Until recently, information hiding techniques received very much less attention from the research community and from industry than cryptography. This situation is, however, changing rapidly with the applications of this technology in public domain. The main driving force is concern over protecting copyright; as audio, video and other works become available in digital form, the ease with which perfect copies can be made may lead to large-scale unauthorized copying, and this is of great concern to the music, film, book and software publishing industries. Billions of dollars allegedly lost to piracy of multimedia content have recently triggered the industry to rethink the way music and films are distributed on the Internet.

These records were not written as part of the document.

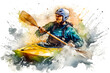 Watercolor design of a man doing extreme kayaking - Generative AI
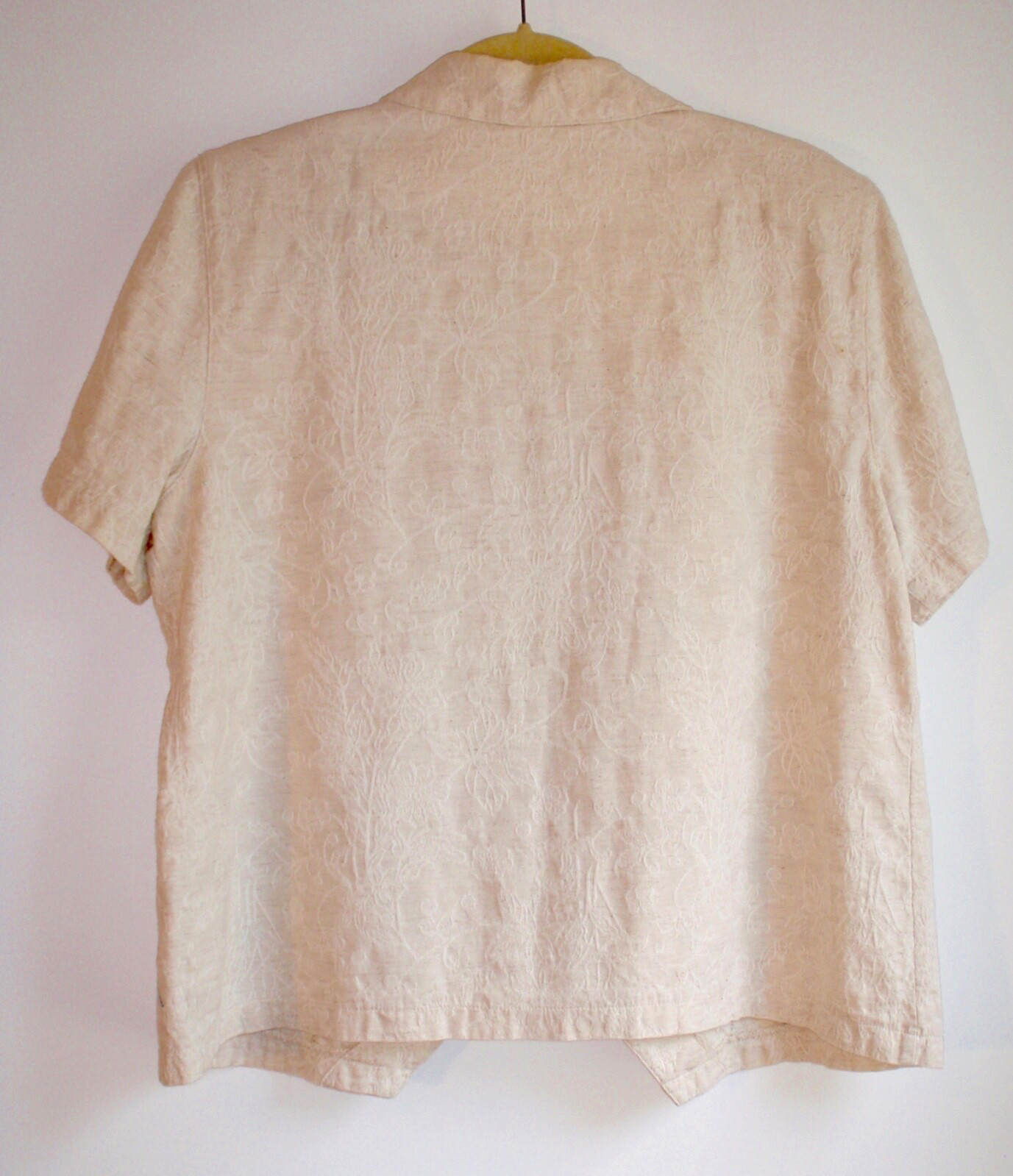 Cotton Blend VTG Embroidered Beige Floral Top Shoulder Pads Wood-look Buttons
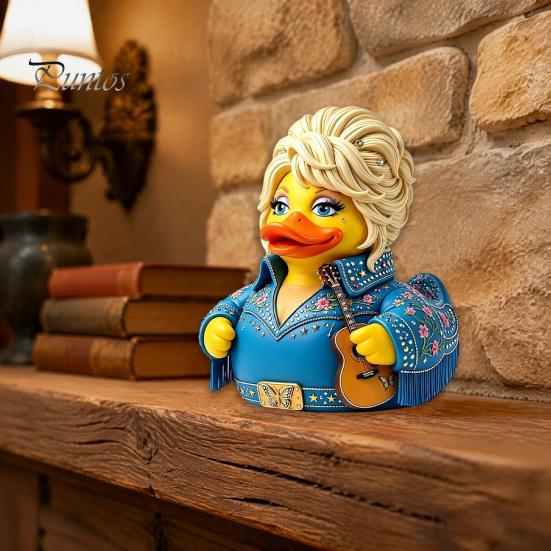 Ikona country hudby Pamětní dárek Parton Duck, Figurka Dolly Duck, Soška, Malý stolní dekorativní prvek s tématem kytary Socha pro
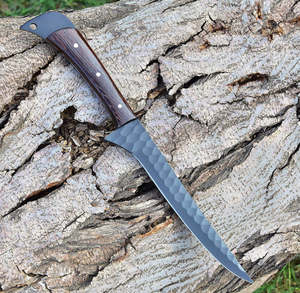 Custom Handmade Carbon Steel Fillet <b>Knife</b> Full Tang Resin Leather Sheath Modern Ambidextrous Outdoor Survival Eco-Friendly - Product Image 2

At the same time, moves by various governments to restrict the availability of encryption services have motivated people to study methods by which private messages can be embedded in seemingly innocuous cover messages. As encryption is vulnerable to digital or analog re-recording, currently almost all copyright protection mechanisms rely to a certain extent on watermarking. A watermark is an imperceptive secret hidden into a host signal. This article surveys the basics of technical research in the fields of watermarking.

Digital Watermark

Also referred to as simply watermarking, a pattern of bits inserted into a digital image, audio or video file that identifies the file's copyright information (author, rights, etc.). The name comes from the faintly visible watermarks imprinted on stationery that identify the manufacturer of the stationery. The purpose of digital watermarks is to provide copyright protection for intellectual property that's in digital format.

Unlike printed watermarks, which are intended to be somewhat visible, digital watermarks are designed to be completely invisible, or in the case of audio clips, inaudible. Moreover, the actual bits representing the watermark must be scattered throughout the file in such a way that they cannot be identified and manipulated. And finally, the digital watermark must be robust enough so that it can withstand normal changes to the file, such as reductions from lossy compression algorithms.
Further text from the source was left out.